"If you can travel by these...Trumps," Larissa asked her father, freeing a hand to tuck the glassy card into a pocket, "why are we riding these?" She glared balefully down at her horse, which shook its head as though to say it wasn't keen on the arrangement, either.
"You need the practice." Larissa shifted her glare to Eric. The glare was getting quite a workout these past few days. "And I wanted to pick something up while we were in Shadow."
"Oh, what now?" she muttered as he pretended not to hear. The forest around them sat there greenly, offending her. Only this morning they had been riding through a sandy waste, and she was reasonably certain that the horses' blistering five-mile-an-hour pace was insufficent to so thoroughly switch ecosystems in a matter of hours.
The sun shone through the trees, dappling the path with gold. Birds sang in the branches, and a brook ran parallel to the trail, chattering to itself over the rocks. The air smelled of moss and water, and, it must be confessed, of horse. Larissa sulked.
From a distance came the sound of metal on metal. Eric urged his horse to a trot, and Larissa followed suit with only a hint of awkwardness. "Well," Eric said, eyeing her dubiously, "you can always ride in a carriage when we get to Amber." Larissa ignored that with dignity befitting her station.
The metal noises grew louder, and soon Larissa could smell woodsmoke and the tang of hot metal. They drew into sight of a low wooden building with open sides, where a man was beating with a hammer on a glowing chunk of something he held in a pair of tongs. Larissa stared for a long moment until her brain dragged forth an old memory from her training, and she identified the first blacksmith she had ever seen, feeling a frisson as the sheer antiquity of the scene struck her.

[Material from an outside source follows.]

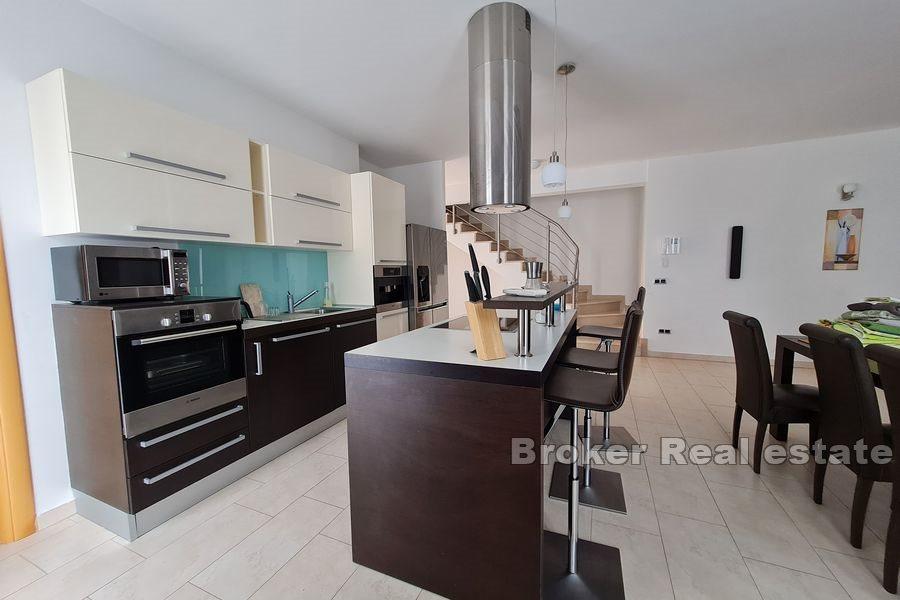 Wyspa Brac - Nowoczesny dom z widokiem na basen i morze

Eric dismounted and waited as the man finished his pounding, examined his work, and stuck it back in the fire that dominated the smithy. The smith bowed to Eric from the waist, then disappeared behind a high shelf. Returning quickly, he presented a long, narrow bundle of brown cloth to Eric with another bow. Eric nodded and tucked it under his arm, and the two men turned from each other without having exchanged a word.
"Dismount," Eric told her, as serious as she'd yet seen him. Puzzled, she swung down. The leaf litter of the path was soft beneath her boots. When Eric let the brown cloth fall to the ground, she saw that he was holding a sword wrapped in a black strap, the blade much narrower than his own, coming to a point and sharpened down both sides. "You're not built for a heavier blade," he said, "and a rapier is best in the hands of someone with a quick mind."
Eric balanced the sword on his finger a few inches from the hilt, nodded, then offered it, hilt first, to Larissa. The smith had vanished behind the shelves again, and the forest had fallen strangely silent. She looked at the weapon. Guard and crosstree both were engraved with gold, which patterns chased a little way down the blade itself. It was beautiful and wicked, and the air weighed heavy in her lungs. Larissa made no move to take it.
Her father sighed, and with his free hand, tipped her head up to meet his gaze. "Larissa, I am not trying to turn you into a soldier, but any child of mine will be armed with every weapon, equipped with every advantage it's in my power to give her. Amber is dangerous, my daughter. You must be dangerous, too."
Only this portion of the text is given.